Goal of the exercise –
Take the entries below and retype them exactly.

(Caption-style text data)
=======
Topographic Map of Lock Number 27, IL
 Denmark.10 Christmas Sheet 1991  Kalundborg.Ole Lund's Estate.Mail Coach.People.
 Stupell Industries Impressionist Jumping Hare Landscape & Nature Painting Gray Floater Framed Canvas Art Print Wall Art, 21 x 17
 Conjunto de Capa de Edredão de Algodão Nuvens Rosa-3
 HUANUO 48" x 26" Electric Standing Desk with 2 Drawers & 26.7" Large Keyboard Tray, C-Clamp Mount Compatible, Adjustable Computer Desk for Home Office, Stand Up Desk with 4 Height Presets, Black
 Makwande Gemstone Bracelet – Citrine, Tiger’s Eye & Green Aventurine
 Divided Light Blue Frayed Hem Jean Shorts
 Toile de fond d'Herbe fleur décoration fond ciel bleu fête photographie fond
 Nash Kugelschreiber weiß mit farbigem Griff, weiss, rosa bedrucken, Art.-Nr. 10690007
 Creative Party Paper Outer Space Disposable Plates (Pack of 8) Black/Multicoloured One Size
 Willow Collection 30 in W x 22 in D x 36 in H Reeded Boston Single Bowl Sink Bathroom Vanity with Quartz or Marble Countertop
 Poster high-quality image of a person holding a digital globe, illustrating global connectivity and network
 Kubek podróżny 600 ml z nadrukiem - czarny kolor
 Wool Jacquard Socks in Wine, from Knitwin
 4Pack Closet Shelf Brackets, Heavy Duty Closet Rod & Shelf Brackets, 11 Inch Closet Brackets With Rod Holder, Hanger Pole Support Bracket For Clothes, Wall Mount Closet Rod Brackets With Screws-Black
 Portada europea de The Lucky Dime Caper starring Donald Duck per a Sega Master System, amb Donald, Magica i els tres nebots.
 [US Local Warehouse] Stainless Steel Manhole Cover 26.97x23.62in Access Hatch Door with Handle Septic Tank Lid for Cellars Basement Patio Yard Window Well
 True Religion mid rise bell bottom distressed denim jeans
=======
Answer to the exercise –
Topographic Map of Lock Number 27, IL
 Denmark.10 Christmas Sheet 1991  Kalundborg.Ole Lund's Estate.Mail Coach.People.
 Stupell Industries Impressionist Jumping Hare Landscape & Nature Painting Gray Floater Framed Canvas Art Print Wall Art, 21 x 17
 Conjunto de Capa de Edredão de Algodão Nuvens Rosa-3
 HUANUO 48" x 26" Electric Standing Desk with 2 Drawers & 26.7" Large Keyboard Tray, C-Clamp Mount Compatible, Adjustable Computer Desk for Home Office, Stand Up Desk with 4 Height Presets, Black
 Makwande Gemstone Bracelet – Citrine, Tiger’s Eye & Green Aventurine
 Divided Light Blue Frayed Hem Jean Shorts
 Toile de fond d'Herbe fleur décoration fond ciel bleu fête photographie fond
 Nash Kugelschreiber weiß mit farbigem Griff, weiss, rosa bedrucken, Art.-Nr. 10690007
 Creative Party Paper Outer Space Disposable Plates (Pack of 8) Black/Multicoloured One Size
 Willow Collection 30 in W x 22 in D x 36 in H Reeded Boston Single Bowl Sink Bathroom Vanity with Quartz or Marble Countertop
 Poster high-quality image of a person holding a digital globe, illustrating global connectivity and network
 Kubek podróżny 600 ml z nadrukiem - czarny kolor
 Wool Jacquard Socks in Wine, from Knitwin
 4Pack Closet Shelf Brackets, Heavy Duty Closet Rod & Shelf Brackets, 11 Inch Closet Brackets With Rod Holder, Hanger Pole Support Bracket For Clothes, Wall Mount Closet Rod Brackets With Screws-Black
 Portada europea de The Lucky Dime Caper starring Donald Duck per a Sega Master System, amb Donald, Magica i els tres nebots.
 [US Local Warehouse] Stainless Steel Manhole Cover 26.97x23.62in Access Hatch Door with Handle Septic Tank Lid for Cellars Basement Patio Yard Window Well
 True Religion mid rise bell bottom distressed denim jeans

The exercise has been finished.